My thumb gleefully hit the last four numbers. An Hermès collar for poor old Waffles!
The Nextel recording prompted me to enter my security code, and as I tapped it in, I watched Brian and Joe make their way through the crowded room. I recall, now, that Joe wore his “Yes, it’s me” expression—a shy half-smile, his gaze fixed just above the nudges and hungry glances that carried him along like a gentle wave. From behind me the man said, “I toldja! Joe Ferraro,” and then Joe Ferraro himself, grinning broadly now, slid into the chair beside me.
“Jesus Christ, we could hear you girls cackling all the way outside.”
“I love it,” said Karen. “We were cackling, Julia, like a pair of witches.”
“A pair of well-toned witches,” said Brian.
“I prefer sorceress,” I said, kissing Joe on his lips. “Somehow it sounds so much more attractive than witch.”
“They both sound evil. And sexy,” said Joe. “Who are you calling?”
“My voice mail. I just want to see if Ruby or Catalina called. . . .” I stopped talking then because the first message was playing.
“Hi, babe,” said a woman’s voice.
Who? The voice was Southern, I knew that at once. Just from those two words I knew.

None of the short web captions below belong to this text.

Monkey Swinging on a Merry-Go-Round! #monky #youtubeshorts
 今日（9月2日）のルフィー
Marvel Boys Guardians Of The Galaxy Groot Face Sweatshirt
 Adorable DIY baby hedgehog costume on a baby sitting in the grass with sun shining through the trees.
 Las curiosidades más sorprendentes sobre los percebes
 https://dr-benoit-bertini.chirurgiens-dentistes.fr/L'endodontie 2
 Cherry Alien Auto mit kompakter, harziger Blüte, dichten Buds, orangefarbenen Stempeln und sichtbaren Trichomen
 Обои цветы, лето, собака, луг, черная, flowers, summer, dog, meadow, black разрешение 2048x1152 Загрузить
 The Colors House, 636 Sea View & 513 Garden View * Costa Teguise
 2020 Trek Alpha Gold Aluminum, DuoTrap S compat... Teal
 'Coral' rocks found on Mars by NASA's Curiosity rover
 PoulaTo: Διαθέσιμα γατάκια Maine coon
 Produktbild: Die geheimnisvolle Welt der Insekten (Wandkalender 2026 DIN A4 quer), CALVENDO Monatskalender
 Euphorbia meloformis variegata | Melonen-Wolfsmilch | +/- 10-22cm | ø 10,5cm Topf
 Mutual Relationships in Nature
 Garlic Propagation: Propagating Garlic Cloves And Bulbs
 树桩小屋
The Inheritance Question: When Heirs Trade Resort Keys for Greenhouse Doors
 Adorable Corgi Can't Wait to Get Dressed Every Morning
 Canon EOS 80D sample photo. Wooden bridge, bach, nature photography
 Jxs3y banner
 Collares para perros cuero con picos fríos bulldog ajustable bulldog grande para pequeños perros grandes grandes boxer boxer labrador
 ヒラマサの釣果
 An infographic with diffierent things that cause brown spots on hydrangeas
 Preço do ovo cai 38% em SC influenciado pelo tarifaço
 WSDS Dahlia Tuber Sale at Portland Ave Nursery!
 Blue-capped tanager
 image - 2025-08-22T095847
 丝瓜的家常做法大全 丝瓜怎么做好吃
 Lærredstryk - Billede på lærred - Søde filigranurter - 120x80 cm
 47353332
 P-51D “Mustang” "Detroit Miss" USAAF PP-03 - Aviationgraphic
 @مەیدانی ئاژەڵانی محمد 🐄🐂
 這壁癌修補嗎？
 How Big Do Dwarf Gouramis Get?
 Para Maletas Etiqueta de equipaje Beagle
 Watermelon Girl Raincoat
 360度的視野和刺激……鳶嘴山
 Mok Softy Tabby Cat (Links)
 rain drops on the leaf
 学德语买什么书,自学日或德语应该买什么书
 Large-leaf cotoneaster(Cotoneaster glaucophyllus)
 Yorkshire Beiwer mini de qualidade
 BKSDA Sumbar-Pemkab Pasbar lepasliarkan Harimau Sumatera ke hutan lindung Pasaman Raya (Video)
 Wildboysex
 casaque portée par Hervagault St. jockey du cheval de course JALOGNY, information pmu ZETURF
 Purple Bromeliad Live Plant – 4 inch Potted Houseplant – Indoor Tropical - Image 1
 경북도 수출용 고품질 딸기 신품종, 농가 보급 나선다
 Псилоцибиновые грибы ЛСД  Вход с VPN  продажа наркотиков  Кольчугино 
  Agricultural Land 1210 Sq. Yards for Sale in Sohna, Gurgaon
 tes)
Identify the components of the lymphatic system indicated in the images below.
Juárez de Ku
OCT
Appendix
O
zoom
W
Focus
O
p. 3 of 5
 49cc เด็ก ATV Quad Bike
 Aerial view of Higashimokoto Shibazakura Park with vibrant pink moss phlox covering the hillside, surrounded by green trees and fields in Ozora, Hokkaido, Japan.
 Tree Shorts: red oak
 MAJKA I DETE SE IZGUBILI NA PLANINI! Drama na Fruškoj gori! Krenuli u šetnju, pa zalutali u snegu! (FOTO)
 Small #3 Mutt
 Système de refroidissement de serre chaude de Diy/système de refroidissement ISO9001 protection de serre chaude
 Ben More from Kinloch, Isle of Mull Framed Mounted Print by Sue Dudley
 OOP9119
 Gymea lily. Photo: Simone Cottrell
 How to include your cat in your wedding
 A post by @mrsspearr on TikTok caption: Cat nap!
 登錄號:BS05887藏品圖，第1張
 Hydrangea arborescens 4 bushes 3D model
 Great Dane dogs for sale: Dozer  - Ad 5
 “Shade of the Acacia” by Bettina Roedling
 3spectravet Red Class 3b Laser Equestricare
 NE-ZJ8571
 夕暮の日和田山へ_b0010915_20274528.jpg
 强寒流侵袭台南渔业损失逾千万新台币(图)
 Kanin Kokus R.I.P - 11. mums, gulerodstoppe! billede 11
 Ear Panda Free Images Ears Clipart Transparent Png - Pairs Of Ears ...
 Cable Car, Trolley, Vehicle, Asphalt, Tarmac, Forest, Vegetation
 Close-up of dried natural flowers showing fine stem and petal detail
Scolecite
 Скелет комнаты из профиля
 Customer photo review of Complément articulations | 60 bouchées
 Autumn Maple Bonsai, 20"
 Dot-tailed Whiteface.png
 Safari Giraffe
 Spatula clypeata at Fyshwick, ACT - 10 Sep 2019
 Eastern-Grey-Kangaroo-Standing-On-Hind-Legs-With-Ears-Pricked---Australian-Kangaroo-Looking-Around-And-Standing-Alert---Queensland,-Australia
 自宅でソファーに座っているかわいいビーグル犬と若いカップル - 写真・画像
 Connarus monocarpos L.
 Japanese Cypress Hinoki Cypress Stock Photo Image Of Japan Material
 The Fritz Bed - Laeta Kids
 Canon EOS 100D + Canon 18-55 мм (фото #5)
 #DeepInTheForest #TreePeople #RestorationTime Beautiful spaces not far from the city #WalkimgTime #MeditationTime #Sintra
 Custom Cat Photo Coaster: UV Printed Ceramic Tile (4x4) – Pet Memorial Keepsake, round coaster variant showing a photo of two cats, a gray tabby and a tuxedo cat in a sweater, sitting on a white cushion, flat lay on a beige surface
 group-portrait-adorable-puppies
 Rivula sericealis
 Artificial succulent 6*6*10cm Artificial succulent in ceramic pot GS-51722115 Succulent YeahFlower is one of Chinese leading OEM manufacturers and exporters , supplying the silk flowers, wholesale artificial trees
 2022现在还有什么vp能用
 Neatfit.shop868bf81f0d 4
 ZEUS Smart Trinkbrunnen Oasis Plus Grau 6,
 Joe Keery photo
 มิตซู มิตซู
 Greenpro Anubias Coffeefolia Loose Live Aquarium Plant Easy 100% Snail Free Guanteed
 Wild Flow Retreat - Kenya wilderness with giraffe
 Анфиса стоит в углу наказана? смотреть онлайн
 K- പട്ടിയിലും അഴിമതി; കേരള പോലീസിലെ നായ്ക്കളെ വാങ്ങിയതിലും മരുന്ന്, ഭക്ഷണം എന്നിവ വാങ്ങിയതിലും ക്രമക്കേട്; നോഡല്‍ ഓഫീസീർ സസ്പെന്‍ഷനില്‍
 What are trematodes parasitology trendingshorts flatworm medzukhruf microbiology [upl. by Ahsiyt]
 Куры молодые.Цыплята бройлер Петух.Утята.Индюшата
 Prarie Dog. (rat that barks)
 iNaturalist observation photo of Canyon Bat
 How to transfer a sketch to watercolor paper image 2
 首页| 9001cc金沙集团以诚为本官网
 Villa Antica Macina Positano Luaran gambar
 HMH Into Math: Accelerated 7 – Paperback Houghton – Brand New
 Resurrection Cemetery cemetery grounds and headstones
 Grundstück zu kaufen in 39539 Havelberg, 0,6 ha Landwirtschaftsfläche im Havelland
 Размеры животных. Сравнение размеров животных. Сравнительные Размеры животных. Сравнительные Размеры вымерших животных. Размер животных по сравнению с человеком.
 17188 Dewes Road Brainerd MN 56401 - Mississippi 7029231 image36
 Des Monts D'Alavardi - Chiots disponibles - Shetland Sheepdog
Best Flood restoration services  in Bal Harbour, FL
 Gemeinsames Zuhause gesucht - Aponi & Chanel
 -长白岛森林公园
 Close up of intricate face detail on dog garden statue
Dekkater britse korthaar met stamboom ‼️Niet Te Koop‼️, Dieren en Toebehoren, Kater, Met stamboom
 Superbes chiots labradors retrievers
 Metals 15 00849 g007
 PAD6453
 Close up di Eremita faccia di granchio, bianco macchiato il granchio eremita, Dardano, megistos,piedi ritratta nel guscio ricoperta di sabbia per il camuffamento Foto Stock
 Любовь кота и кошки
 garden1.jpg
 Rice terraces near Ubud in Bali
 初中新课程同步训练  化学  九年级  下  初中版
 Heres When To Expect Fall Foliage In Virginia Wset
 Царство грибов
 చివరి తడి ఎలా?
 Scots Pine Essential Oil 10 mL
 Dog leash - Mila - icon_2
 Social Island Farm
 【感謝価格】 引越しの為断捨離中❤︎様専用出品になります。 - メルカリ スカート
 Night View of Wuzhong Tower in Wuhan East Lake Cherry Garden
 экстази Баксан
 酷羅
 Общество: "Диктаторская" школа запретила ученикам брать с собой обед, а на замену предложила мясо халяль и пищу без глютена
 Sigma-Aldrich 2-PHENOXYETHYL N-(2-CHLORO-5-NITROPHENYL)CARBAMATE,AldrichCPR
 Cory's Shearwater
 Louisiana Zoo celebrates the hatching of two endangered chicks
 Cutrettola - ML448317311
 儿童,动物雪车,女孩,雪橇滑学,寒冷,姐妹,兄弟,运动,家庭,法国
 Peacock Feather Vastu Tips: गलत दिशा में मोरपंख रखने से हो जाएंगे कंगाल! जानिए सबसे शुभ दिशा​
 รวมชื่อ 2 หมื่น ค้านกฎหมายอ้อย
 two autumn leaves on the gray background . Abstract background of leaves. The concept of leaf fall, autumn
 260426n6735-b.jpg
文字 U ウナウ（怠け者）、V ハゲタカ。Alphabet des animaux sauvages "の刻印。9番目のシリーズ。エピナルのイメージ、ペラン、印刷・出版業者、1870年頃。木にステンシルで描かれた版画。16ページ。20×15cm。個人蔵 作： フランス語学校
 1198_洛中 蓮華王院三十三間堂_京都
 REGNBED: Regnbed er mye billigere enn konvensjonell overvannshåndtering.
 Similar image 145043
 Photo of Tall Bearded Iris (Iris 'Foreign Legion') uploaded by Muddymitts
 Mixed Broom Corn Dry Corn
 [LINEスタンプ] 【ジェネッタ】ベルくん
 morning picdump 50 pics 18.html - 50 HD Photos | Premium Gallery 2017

“Thanks for the message. I can’t believe you had to ask if I’m happy, baby, you know I am. Where are you, Joey?”
Who?
I leaned away from Joe and he raised an eyebrow. “Everything all right?”
I nodded slowly, listening.
“I want to see you, babe.”
“Is it Catalina?” Joe asked, and I nodded again, still listening.
Joe turned to Karen and Brian. “You know, the first night Catalina babysat for us we thought she stole Ruby?”
“I’m horny as a motherfucker,” said my mysterious confessor.
My face burned. I felt waves of what must have been blood and adrenaline surging across my chest, shooting upward and then pounding against the top of my head. I was vaguely aware that Joe had launched into his “how we thought Catalina stole Ruby” anecdote. It’s one of his favorites.